A Confederação Israelita do Brasil (Conib), por meio do X (antigo Twitter), manifestou preocupação com a situação. “Parabenizamos a PF, o Ministério Público e o Ministério da Justiça pela sua ação preventiva e reitera que os trágicos conflitos do Oriente Médio não podem ser importados ao nosso país, onde diferentes comunidades convivem de forma pacífica, harmoniosa e sem medo do terrorismo”, completou
O Hezbollah
O Hezbollah é considerado uma organização política e paramilitar que atua há décadas no território libanês. A origem do grupo se deu durante a guerra civil no país nos anos de 1980, como resposta à ocupação israelense no sul do Líbano.
Inspirado e apoiado pelo Irã, o Hezbollah rapidamente se tornou uma força de resistência contra Israel. Sua ala militar é considerada uma das mais poderosas da região, e tem lançado ataques bem-sucedidos contra alvos israelenses.

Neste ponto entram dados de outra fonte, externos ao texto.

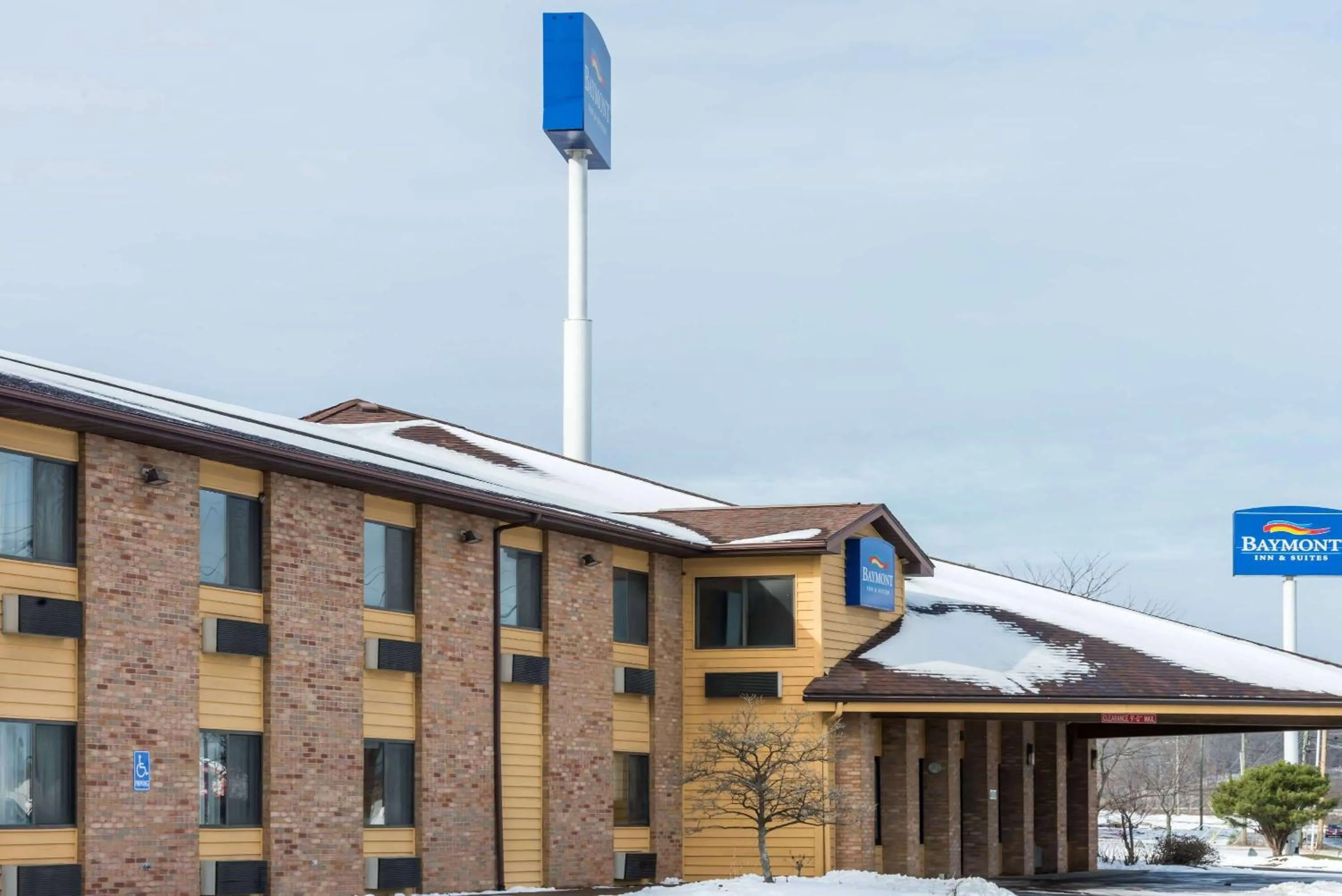 Property building in Baymont by Wyndham Cambridge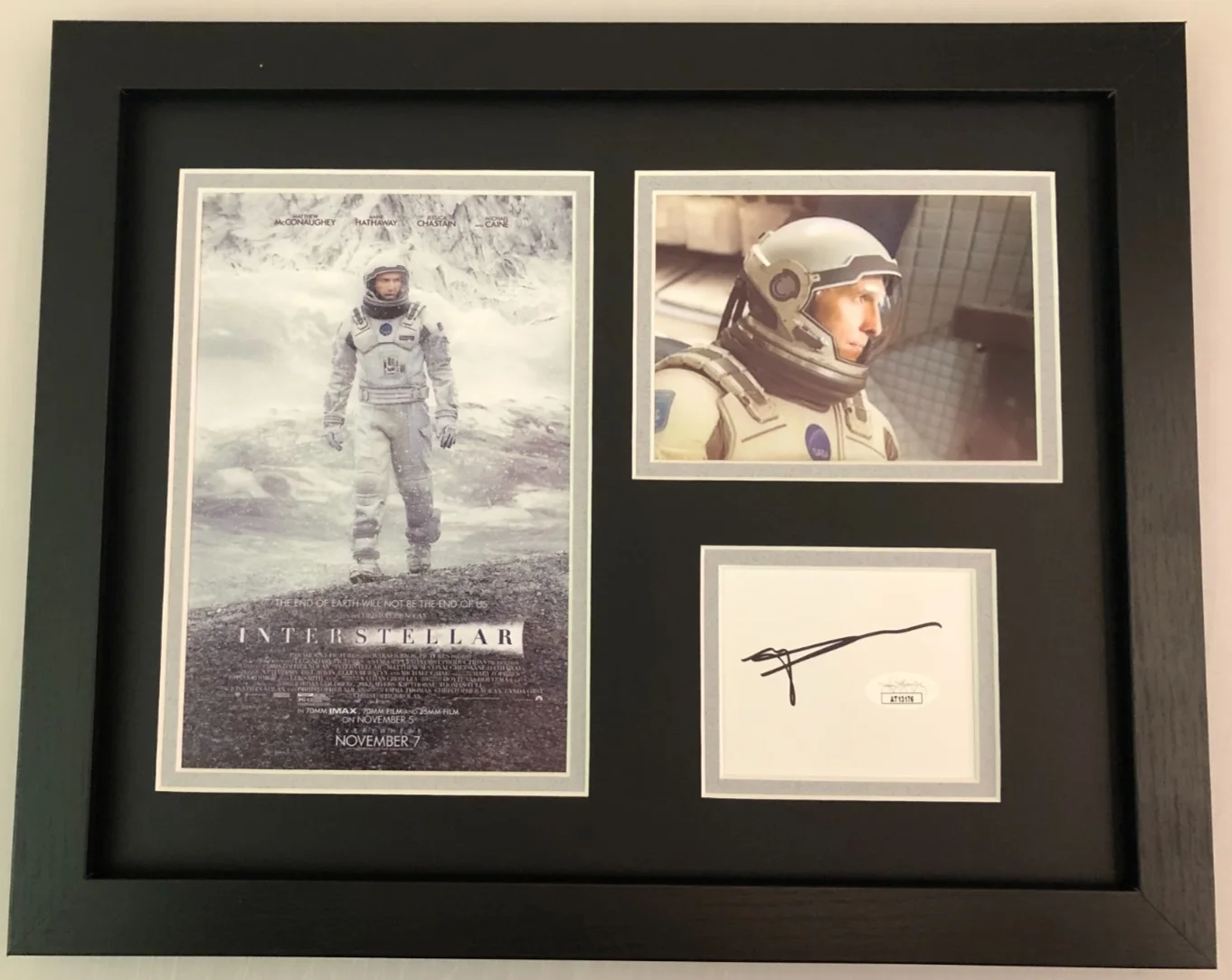 MATTHEW McCONAUGHEY — MATTHEW McCONAUGHEY FRAMED SIGNED PHOTO DISPLAY " INTERSTELLAR" JSA COA, image 2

Tendo em vista o poderio militar do grupo, o envolvimento do Hezbollah na guerra travada entre Israel e o grupo radical Hamas passou a ser visto com preocupação pelos israelenses.
Documento das Forças de Defesa de Israel (FDI), ao qual o Metrópoles teve acesso em outubro, apontou que a participação extensiva do grupo no conflito poderia levar a uma “guerra destrutiva”.
As Forças de Defesa de Israel ainda afirmavam que o Hezbollah seria responsável por todos os ataques vindos do Líbano. “O envolvimento do Hezbollah pode levar a uma guerra destrutiva, que pode ser contra os interesses nacionais israelenses e libaneses”, ressalta.
O líder do grupo Hezbollah, Hassan Nasrallah, chegou a defender os ataques do Hamas contra Israel em 7 de outubro. Para ele, as ações foram “corretas, sábias e justas”.